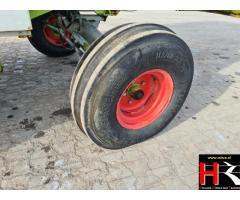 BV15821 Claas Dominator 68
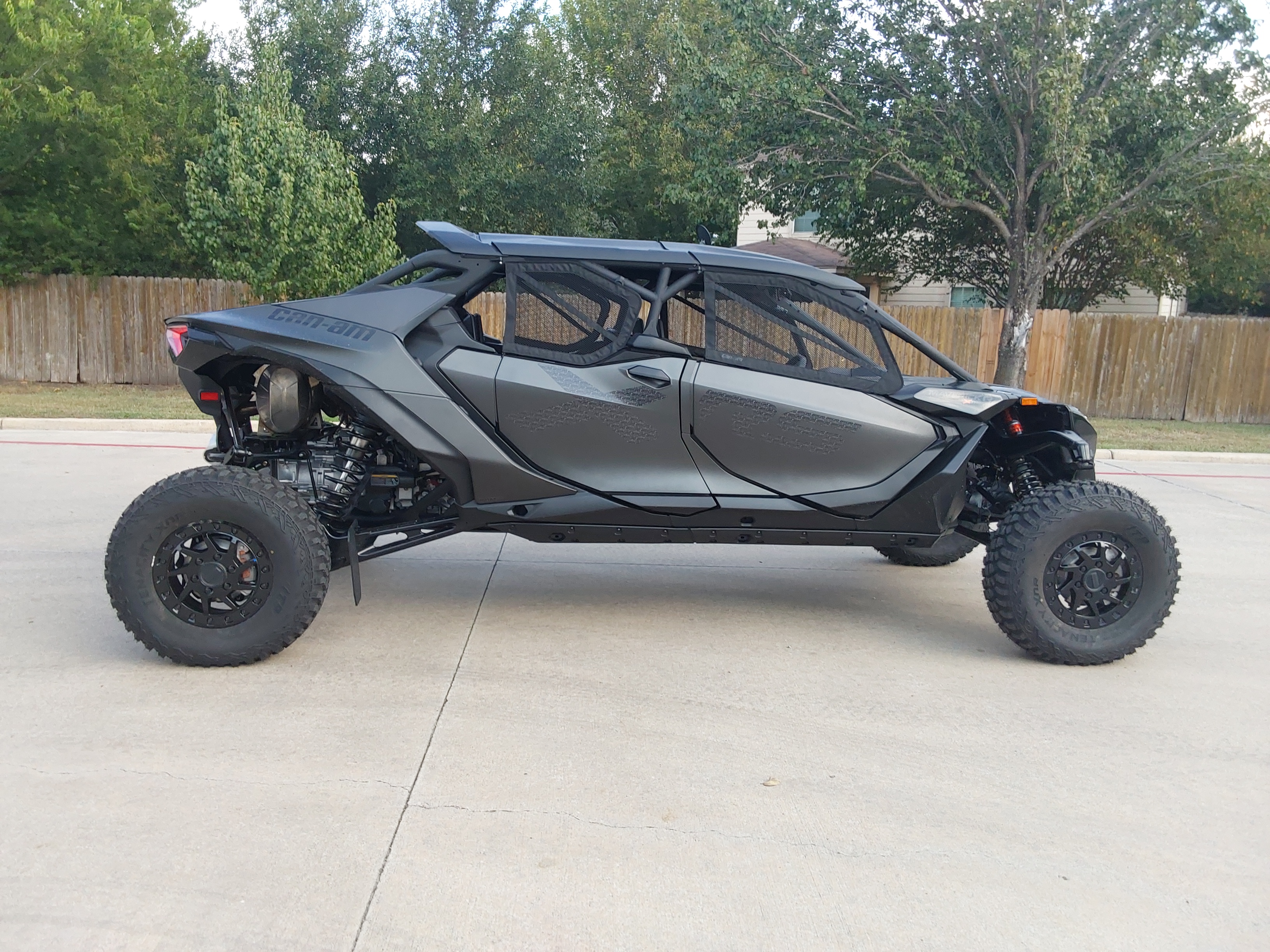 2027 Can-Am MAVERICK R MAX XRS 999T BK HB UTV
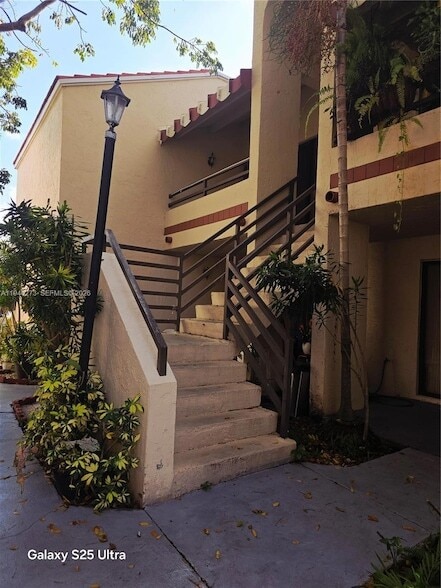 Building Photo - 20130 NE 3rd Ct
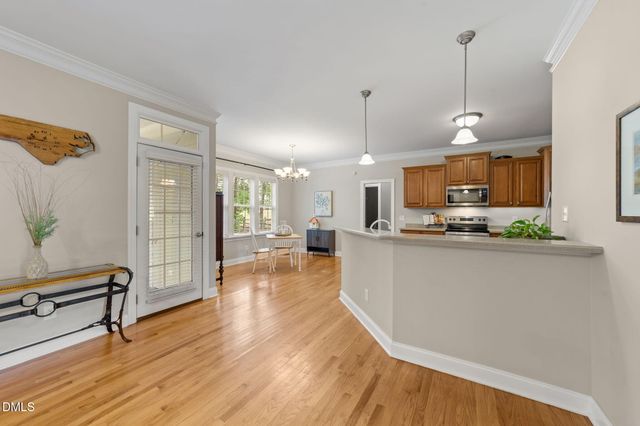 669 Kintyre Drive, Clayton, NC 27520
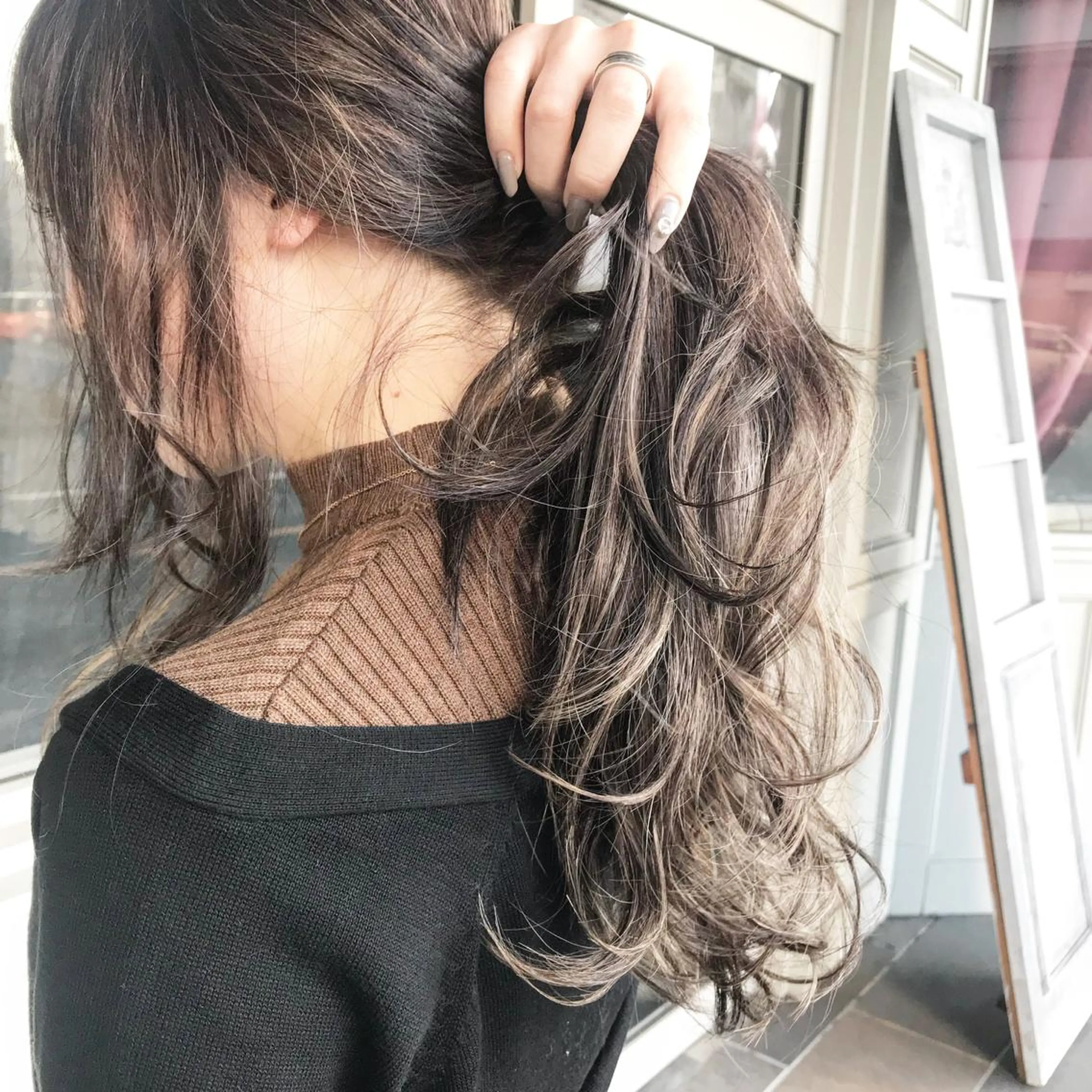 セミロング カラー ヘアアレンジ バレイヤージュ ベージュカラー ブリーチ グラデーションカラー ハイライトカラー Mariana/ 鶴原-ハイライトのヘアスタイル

---

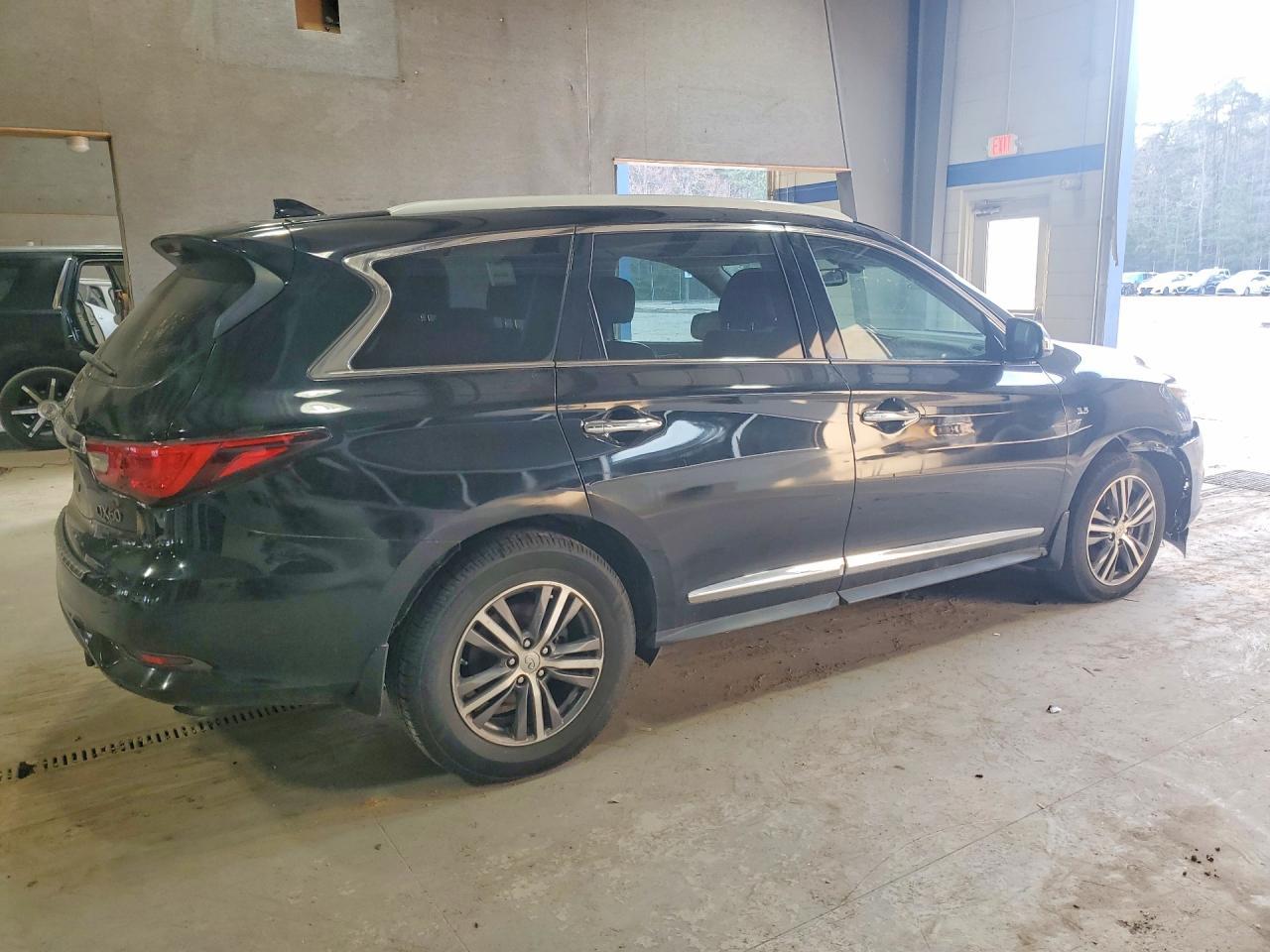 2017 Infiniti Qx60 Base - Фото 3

About this exercise: What is needed is an exact copy of only the lines above from the one with "Building Photo - 20130 NE 3rd Ct" to the one with "セミロング カラー ヘアアレンジ", both kept, with every picture left out.

Output of the exercise:
 Building Photo - 20130 NE 3rd Ct
 669 Kintyre Drive, Clayton, NC 27520
 セミロング カラー ヘアアレンジ バレイヤージュ ベージュカラー ブリーチ グラデーションカラー ハイライトカラー Mariana/ 鶴原-ハイライトのヘアスタイル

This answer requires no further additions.